Of course, there’s no reason why you couldn’t use more than the 21 UDGs if you wished. Simply set up a number of banks of them in memory and point to each one as you need it.
Alternatively, you could redefine the character set instead. This gives a larger range of ASCII characters from 32 (SPACE) to 127 (the copyright symbol). You could even mix text and graphics, redefining the letters and numbers of your font to the style of your choice, then using up the symbols and lowercase letters for aliens, zombies or whatever your game requires. To point to another set we subtract 256 from the address at which the font is placed and place this in the two byte system variable at address 23606. The default Sinclair font for example is located at ROM address 15616, so the system variable at address 23606 points to 15360 when the Spectrum is first switched on.
This code copies the Sinclair ROM font to RAM making it “bolder” as it goes, then sets the system variable to point to it:
ld hl,15616 ; ROM font. ld de,60000 ; address of our font. ld bc,768 ; 96 chars * 8 rows to alter. font1 ld a,(hl) ; get bitmap. rlca ; rotate it left. or (hl) ; combine 2 images. ld (de),a ; write to new font. inc hl ; next byte of old. inc de ; next byte of new. dec bc ; decrement counter. ld a,b ; high byte. or c ; combine with low byte. jr nz,font1 ; repeat until bc=zero. ld hl,60000-256 ; font minus 32*8. ld (23606),hl ; point to new font. ret
For most games it is better to define the player’s score as a string of ASCII digits, although that does mean more work in the scoring routines and makes high score tables a real pain in the backside for an inexperienced assembly language programmer. We will cover this in a later chapter, but for now we’ll use some handy ROM routines to print numbers for us.

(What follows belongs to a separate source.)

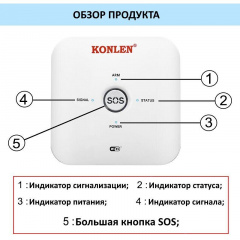 GSM WiFi сигналізація Konlen TUYA MAXI + WiFi 1080p (100617) Киев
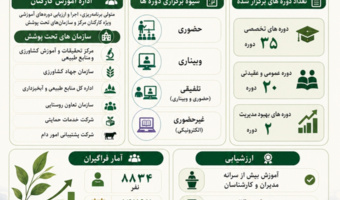 دستاوردهای اداره آموزش کارکنان مرکز تحقیقات و آموزش کشاورزی و منابع طبیعی استان کردستان در سال ۱۴۰۴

There are two ways of printing a number on the screen, the first of which is to make use of the same routine that the ROM uses to print Sinclair BASIC line numbers. For this we simply load the bc register pair with the number we wish to print, then call 6683:
ld bc,(score) call 6683
However, since BASIC line numbers can go only as high as 9999, this has the disadvantage of only being capable of displaying a four digit number. Once the player’s score reaches 10000 other ASCII characters are displayed in place of numbers. Fortunately, there is another method which goes much higher. Instead of calling the line number display routine we can call the routine to place the contents of the bc registers on the calculator stack, then another routine which displays the number at the top of this stack. Don’t worry about what the calculator stack is and what its function is because it’s of little use to an arcade games programmer, but where we can make use of it we will. Just remember that the following three lines will display a number from 0 to 65535 inclusive:
ld bc,(score) call 11563 ; stack number in bc. call 11747 ; display top of calc. stack.
To set the permanent ink, paper, brightness and flash levels we can write directly to the system variable at 23693, then clear the screen with a call to the ROM:
; We want a yellow screen. ld a,49 ; blue ink (1) on yellow paper (6*8). ld (23693),a ; set our screen colours. call 3503 ; clear the screen.
The quickest and simplest way to set the border colour is to write to port 254. The 3 least significant bits of the byte we send determine the colour, so to set the border to red:
ld a,2 ; 2 is the code for red. out (254),a ; write to port 254.
Port 254 also drives the speaker and Mic socket in bits 3 and 4. However, the border effect will only last until your next call to the beeper sound routine in the ROM (more on that later), so a more permanent solution is required. To do this, we simply need to load the accumulator with the colour required and call the ROM routine at 8859. This will change the colour and set the BORDCR system variable (located at address 23624) accordingly. To set a permanent red border we can do this:
ld a,2 ; 2 is the code for red. call 8859 ; set border colour.